Sentra-Guard: A Real-Time Multilingual Defense Against Adversarial LLM Prompts

This paper presents a real-time modular defense system named Sentra-Guard. The system detects and mitigates jailbreak and prompt injection attacks targeting large language models (LLMs). The framework uses a hybrid architecture with FAISS-indexed SBERT embedding representations that capture the semantic meaning of prompts, combined with fine-tuned transformer classifiers, which are machine learning models specialized for distinguishing between benign and adversarial language inputs. It identifies adversarial prompts in both direct and obfuscated attack vectors. A core innovation is the classifier-retriever fusion module, which dynamically computes context-aware risk scores that estimate how likely a prompt is to be adversarial based on its content and context. The framework ensures multilingual resilience with a language-agnostic preprocessing layer. This component automatically translates non-English prompts into English for semantic evaluation, enabling consistent detection across over 100 languages. The system includes a HITL feedback loop, where decisions made by the automated system are reviewed by human experts for continual learning and rapid adaptation under adversarial pressure. Sentra-Guard maintains an evolving dual-labeled knowledge base of benign and malicious prompts, enhancing detection reliability and reducing false positives. Evaluation results show a 99.96% detection rate (AUC = 1.00, F1 = 1.00) and an attack success rate (ASR) of only 0.004%. This outperforms leading baselines such as LlamaGuard-2 (1.3%) and OpenAI Moderation (3.7%). Unlike black-box approaches, Sentra-Guard is transparent, fine-tunable, and compatible with diverse LLM backends. Its modular design supports scalable deployment in both commercial and open-source environments. The system establishes a new state-of-the-art in adversarial LLM defense.

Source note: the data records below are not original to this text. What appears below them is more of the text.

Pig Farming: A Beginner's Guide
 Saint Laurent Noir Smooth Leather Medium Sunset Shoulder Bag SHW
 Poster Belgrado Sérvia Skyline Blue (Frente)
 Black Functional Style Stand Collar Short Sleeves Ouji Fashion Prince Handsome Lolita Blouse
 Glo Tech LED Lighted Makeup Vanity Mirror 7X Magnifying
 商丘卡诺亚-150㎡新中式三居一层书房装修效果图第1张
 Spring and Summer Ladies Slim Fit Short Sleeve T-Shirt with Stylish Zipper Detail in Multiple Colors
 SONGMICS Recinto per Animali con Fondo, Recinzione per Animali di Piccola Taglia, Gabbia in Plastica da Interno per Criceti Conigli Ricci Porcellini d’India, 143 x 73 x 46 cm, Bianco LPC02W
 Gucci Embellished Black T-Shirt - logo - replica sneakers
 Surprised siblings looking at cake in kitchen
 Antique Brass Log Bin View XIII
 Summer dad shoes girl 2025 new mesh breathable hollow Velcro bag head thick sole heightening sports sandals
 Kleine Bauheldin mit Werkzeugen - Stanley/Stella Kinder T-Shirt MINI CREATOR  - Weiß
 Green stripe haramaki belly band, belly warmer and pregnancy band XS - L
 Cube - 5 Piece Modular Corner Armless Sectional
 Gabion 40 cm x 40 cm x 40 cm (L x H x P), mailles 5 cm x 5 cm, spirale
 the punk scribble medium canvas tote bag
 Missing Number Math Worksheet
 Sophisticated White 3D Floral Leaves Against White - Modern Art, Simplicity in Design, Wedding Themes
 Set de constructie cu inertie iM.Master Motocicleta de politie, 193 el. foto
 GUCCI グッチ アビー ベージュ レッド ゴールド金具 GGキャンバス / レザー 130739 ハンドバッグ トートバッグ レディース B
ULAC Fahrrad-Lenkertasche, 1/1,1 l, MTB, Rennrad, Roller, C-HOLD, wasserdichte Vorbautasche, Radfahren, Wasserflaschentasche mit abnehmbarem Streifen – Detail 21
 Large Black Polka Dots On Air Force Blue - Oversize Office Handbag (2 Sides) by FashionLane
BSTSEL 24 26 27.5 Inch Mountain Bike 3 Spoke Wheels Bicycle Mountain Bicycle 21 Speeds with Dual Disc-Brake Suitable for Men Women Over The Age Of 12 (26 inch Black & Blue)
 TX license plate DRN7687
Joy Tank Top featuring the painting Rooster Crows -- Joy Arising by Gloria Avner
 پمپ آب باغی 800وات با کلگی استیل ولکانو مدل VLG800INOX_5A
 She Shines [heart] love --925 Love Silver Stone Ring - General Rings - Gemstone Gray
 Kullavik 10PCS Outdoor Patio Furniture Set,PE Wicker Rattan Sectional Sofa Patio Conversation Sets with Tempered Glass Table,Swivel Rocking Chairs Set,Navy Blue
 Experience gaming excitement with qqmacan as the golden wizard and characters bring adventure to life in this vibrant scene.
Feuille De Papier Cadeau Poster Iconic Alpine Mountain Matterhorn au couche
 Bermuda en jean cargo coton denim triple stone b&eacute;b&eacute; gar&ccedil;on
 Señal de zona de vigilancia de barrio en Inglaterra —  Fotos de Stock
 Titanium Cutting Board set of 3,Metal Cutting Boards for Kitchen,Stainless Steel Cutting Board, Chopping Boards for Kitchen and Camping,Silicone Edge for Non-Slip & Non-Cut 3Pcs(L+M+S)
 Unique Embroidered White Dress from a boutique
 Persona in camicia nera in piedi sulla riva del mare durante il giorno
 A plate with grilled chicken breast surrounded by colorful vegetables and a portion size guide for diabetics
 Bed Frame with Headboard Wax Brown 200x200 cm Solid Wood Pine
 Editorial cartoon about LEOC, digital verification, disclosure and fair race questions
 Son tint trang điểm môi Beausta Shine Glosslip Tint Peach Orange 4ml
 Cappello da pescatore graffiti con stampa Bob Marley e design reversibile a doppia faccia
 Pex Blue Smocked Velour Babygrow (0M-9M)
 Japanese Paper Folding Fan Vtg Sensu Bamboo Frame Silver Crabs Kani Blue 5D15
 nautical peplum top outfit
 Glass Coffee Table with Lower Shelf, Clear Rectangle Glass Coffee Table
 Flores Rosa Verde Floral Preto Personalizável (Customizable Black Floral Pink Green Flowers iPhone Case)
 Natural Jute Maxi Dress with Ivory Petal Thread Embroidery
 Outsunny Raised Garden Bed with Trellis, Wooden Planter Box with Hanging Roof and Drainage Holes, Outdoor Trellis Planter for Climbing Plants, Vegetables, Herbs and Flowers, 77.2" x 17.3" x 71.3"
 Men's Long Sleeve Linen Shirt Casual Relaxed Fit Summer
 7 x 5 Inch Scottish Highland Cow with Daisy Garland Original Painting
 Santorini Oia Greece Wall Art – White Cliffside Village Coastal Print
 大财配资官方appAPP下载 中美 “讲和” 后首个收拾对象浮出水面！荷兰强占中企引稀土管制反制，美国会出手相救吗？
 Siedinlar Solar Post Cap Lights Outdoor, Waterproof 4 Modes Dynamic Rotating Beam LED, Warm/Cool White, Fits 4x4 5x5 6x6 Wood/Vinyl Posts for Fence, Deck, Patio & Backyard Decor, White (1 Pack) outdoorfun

翻译：摘要：本文提出了一种名为Sentra-Guard的实时模块化防御系统。该系统能够检测并缓解针对大语言模型（LLM）的越狱攻击和提示注入攻击。该框架采用混合架构，结合了基于FAISS索引的SBERT嵌入表示（用于捕捉提示的语义含义）与微调后的Transformer分类器（一种专门区分良性语言输入与对抗性语言输入的机器学习模型），可识别直接攻击与混淆攻击向量中的对抗性提示。其核心创新在于分类-检索融合模块，该模块能动态计算上下文感知的风险分数，基于提示内容与上下文估计其成为对抗性提示的可能性。框架通过语言无关的预处理层确保多语言韧性：该组件自动将非英语提示翻译为英语进行语义评估，从而实现对100多种语言的一致检测。系统包含人类参与反馈（HITL）循环，即自动化系统的决策由人类专家进行审查，以实现持续学习与对抗压力下的快速自适应。Sentra-Guard维护一个不断更新的良性/恶意提示双标签知识库，提升了检测可靠性并降低了误报率。评估结果显示，系统的检测率达到99.96%（AUC=1.00，F1=1.00），攻击成功率（ASR）仅为0.004%。这一性能优于LlamaGuard-2（1.3%）和OpenAI Moderation（3.7%）等主流基线方法。与黑盒方法不同，Sentra-Guard具有透明性、可微调性，并兼容多种LLM后端。其模块化设计支持在商业与开源环境中进行可扩展部署。该系统建立了对抗性大语言模型防御的新标杆。